*PROVIDED DATA*:
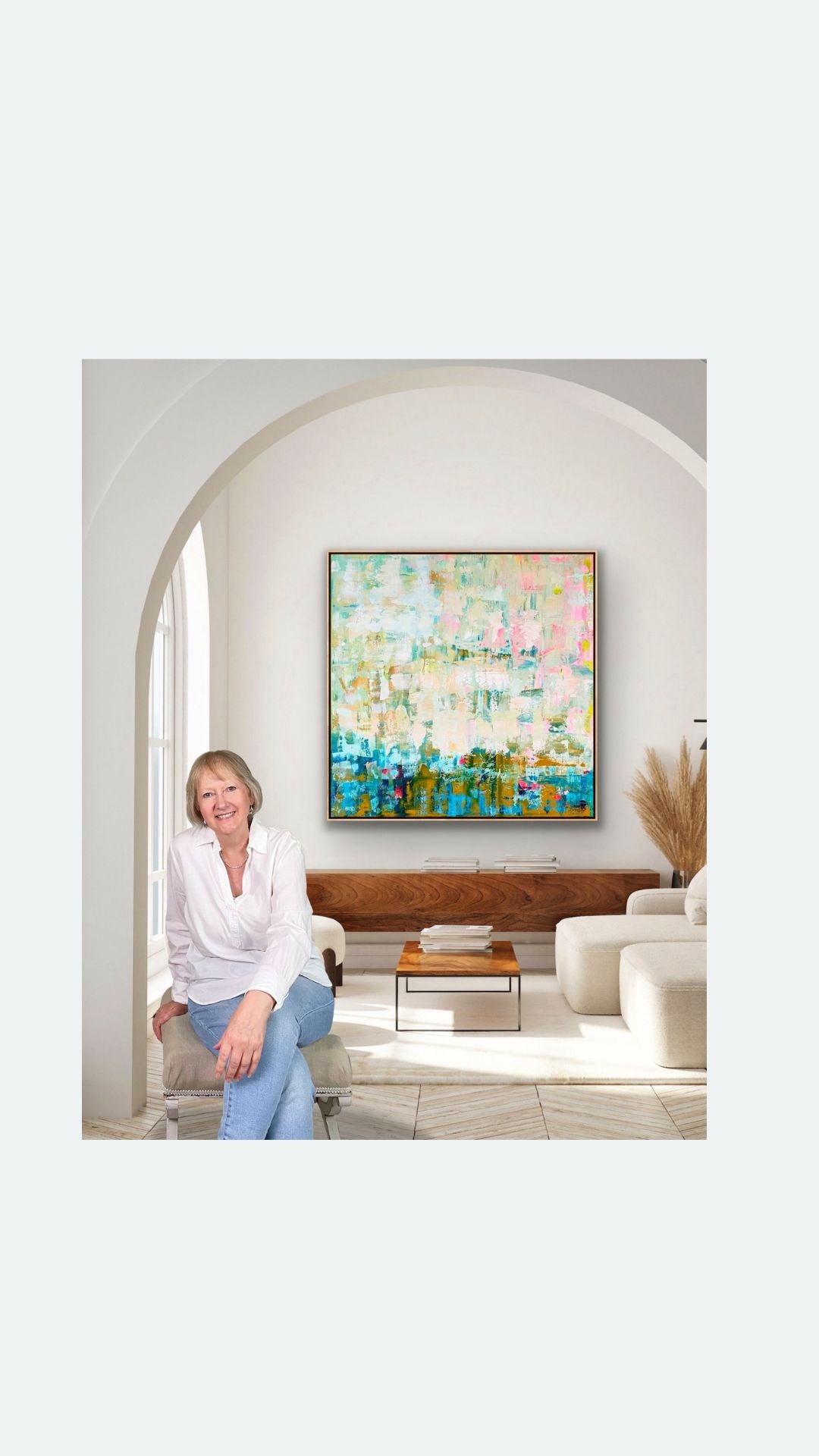 Woman sitting on a couch in a living room with a framed abstract canvas print "Where the Light falls' by Alison Gilbert on the wall.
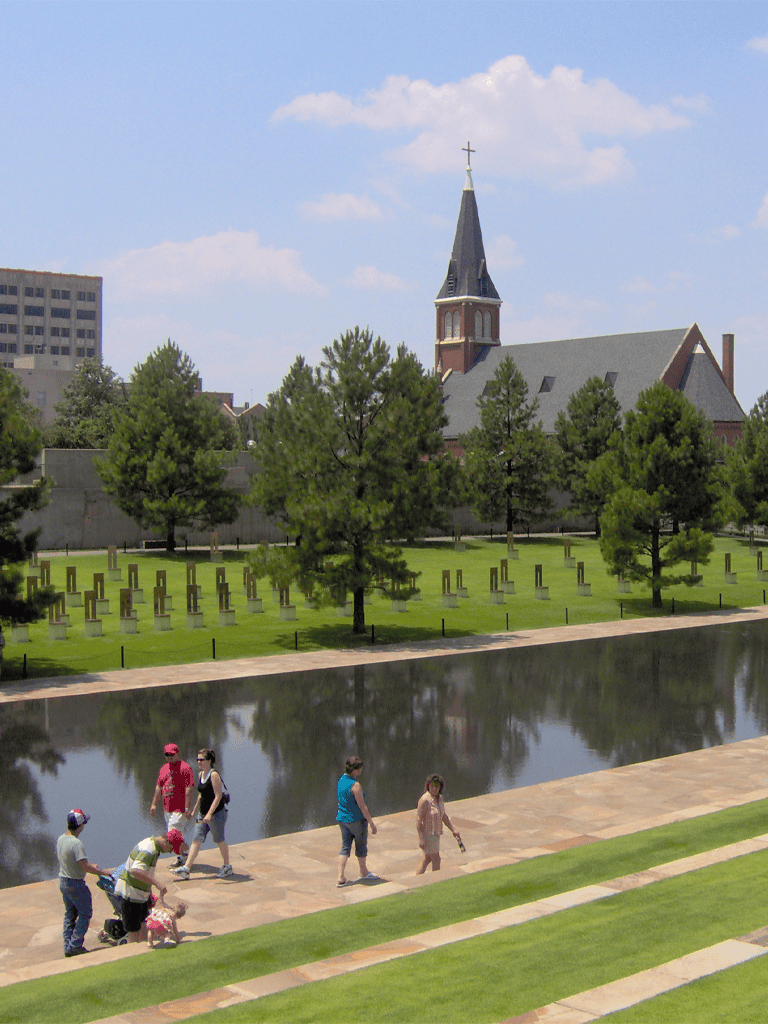 Peaceful park with church and memorials, family walking near water, vibrant greenery, urban skyline background.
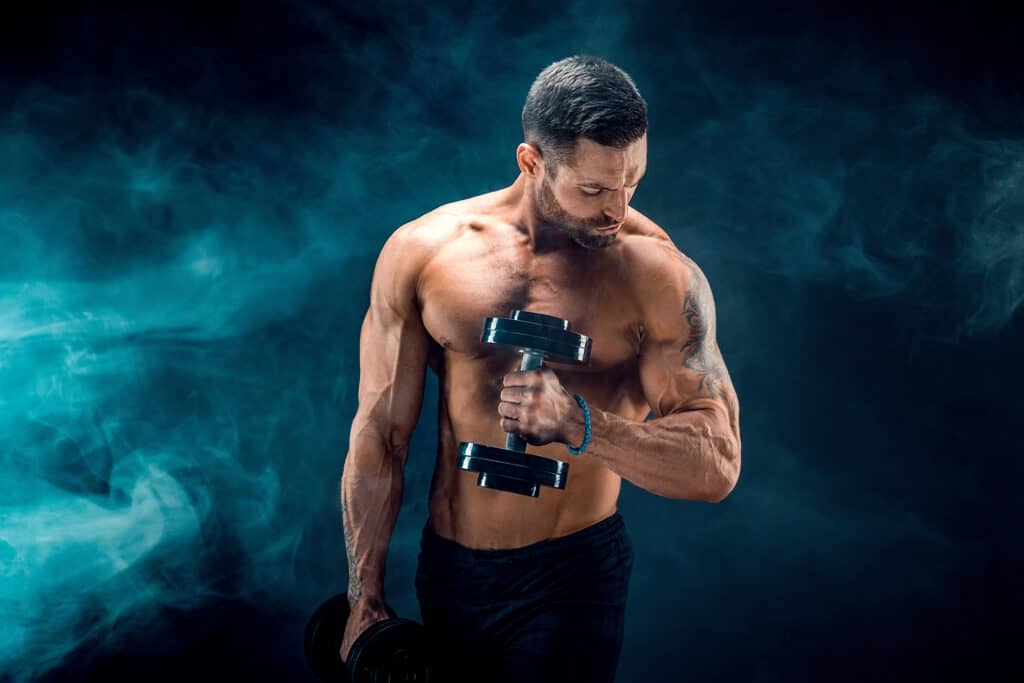 young ripped man lifting dumbbell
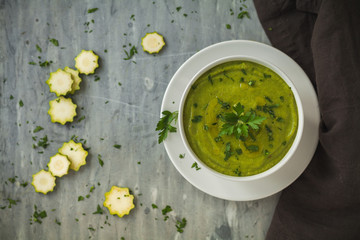 Fresh vegan plate of zucchini cream soup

*PROBLEM REQUIREMENTS*:
The material above must be printed exactly, with its pictures left out.

*REPLY*:
 Woman sitting on a couch in a living room with a framed abstract canvas print "Where the Light falls' by Alison Gilbert on the wall.
 Peaceful park with church and memorials, family walking near water, vibrant greenery, urban skyline background.
 young ripped man lifting dumbbell
 Fresh vegan plate of zucchini cream soup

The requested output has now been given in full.